Водитель осторожно поворачивает. Я слежу за машиной не только глазами, но всем телом: медленно оборачиваюсь вокруг своей оси, свесив руки по бокам, вытягиваю подбородок. Неожиданно я встречаюсь с Кейтлин взглядом. Мне хочется кивнуть, подмигнуть ей, крикнуть что-нибудь, но я словно окаменел. Она смотрит на меня, как смотрят из окна проезжающей машины на дом или на незнакомого прохожего, до которого тебе нет никакого дела. Вид у нее самый обычный, ничего особенного, если не считать желтизны лица. Кейтлин сидит прямо и тянет шею, как цапля перед взлетом. Я знаю ее словечки, жесты, гримасы.

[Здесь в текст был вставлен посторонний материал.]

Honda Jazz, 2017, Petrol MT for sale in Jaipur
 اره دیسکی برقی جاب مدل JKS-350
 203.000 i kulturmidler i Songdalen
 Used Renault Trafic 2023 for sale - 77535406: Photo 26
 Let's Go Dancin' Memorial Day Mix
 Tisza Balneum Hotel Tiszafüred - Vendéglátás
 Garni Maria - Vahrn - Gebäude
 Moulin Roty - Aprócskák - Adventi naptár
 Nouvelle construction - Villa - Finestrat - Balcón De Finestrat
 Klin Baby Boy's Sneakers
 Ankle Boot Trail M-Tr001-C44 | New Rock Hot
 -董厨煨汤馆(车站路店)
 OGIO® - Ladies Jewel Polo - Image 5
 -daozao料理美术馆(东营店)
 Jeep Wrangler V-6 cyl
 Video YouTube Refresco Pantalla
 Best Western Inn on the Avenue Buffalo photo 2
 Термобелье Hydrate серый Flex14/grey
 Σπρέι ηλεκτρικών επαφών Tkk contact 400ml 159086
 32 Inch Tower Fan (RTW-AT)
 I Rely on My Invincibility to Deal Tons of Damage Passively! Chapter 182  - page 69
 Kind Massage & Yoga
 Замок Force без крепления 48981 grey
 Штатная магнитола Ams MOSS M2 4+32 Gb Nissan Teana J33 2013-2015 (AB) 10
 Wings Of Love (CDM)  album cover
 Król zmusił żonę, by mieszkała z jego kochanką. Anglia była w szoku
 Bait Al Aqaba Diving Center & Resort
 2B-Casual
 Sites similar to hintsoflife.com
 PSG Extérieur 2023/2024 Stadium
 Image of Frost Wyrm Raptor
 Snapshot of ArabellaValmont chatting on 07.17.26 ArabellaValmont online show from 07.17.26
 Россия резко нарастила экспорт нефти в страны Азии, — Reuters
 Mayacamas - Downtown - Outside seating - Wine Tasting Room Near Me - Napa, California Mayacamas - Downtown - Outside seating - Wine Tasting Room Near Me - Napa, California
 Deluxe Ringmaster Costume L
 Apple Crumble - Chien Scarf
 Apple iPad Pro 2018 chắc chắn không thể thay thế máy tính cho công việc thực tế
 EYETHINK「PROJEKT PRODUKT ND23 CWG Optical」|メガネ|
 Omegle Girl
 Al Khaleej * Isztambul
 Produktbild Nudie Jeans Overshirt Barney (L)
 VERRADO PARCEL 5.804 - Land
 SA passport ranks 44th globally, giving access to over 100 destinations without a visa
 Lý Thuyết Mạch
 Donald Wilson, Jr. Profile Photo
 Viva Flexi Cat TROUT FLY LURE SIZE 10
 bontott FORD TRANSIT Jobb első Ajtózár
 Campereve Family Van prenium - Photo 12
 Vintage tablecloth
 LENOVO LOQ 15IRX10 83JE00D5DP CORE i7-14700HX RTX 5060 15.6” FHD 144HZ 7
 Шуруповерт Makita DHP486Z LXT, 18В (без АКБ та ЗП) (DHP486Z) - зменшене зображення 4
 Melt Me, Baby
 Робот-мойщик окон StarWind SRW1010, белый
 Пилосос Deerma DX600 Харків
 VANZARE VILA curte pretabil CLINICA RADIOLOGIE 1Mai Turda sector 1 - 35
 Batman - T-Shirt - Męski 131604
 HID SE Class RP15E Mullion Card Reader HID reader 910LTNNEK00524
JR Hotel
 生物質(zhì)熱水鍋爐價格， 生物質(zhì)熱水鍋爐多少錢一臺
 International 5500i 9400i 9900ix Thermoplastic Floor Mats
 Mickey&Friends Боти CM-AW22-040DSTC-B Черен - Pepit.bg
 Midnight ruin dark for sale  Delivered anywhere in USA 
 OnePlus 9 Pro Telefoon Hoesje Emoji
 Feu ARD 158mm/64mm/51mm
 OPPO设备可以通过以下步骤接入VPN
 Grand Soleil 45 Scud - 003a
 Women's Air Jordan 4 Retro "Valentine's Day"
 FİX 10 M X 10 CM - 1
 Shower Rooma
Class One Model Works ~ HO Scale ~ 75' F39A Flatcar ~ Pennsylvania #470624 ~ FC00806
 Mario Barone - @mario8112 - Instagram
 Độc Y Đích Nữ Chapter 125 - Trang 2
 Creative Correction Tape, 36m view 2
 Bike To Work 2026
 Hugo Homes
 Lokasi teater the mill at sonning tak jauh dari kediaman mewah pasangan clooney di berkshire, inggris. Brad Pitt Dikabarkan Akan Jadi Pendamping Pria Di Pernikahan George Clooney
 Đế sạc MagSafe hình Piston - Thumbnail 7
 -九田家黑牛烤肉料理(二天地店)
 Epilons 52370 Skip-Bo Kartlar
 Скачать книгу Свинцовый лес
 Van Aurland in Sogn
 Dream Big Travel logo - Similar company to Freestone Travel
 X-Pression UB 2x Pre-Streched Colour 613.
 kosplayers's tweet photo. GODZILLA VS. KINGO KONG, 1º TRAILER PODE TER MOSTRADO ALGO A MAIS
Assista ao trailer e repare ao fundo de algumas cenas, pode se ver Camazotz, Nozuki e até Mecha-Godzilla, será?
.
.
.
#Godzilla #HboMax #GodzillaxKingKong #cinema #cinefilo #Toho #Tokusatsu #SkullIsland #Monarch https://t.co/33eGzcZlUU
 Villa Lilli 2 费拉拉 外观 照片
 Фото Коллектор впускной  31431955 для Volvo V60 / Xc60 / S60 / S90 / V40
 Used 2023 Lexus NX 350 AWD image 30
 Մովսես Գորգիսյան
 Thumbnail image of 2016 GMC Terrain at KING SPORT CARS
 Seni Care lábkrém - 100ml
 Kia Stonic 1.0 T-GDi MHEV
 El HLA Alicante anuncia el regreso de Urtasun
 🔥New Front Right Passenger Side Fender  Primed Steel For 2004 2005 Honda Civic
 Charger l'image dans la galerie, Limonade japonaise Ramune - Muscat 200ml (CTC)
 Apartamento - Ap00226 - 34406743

Представляю, как она смотрит на что-то, потом, моргнув, оборачивается и переспрашивает: «Что ты сказал?» Она сидит в машине, как самая обычная девчонка: девчонка, которая съезжает со склона на велосипеде и забирается обратно пешком, девчонка, которая в жаркий день залезает по колено в пруд и внезапно с визгом плюхается в воду, девчонка, которая без маминого разрешения садится за руль, чтобы прокатиться среди холмов, и вопит: «Черт, тормоза заело!»

Наши взгляды на полсекунды пересекаются, и я тут же отвожу глаза куда-то вдаль, а Кейтлин — на дорогу, но кажется, это длится не полсекунды, а вечность.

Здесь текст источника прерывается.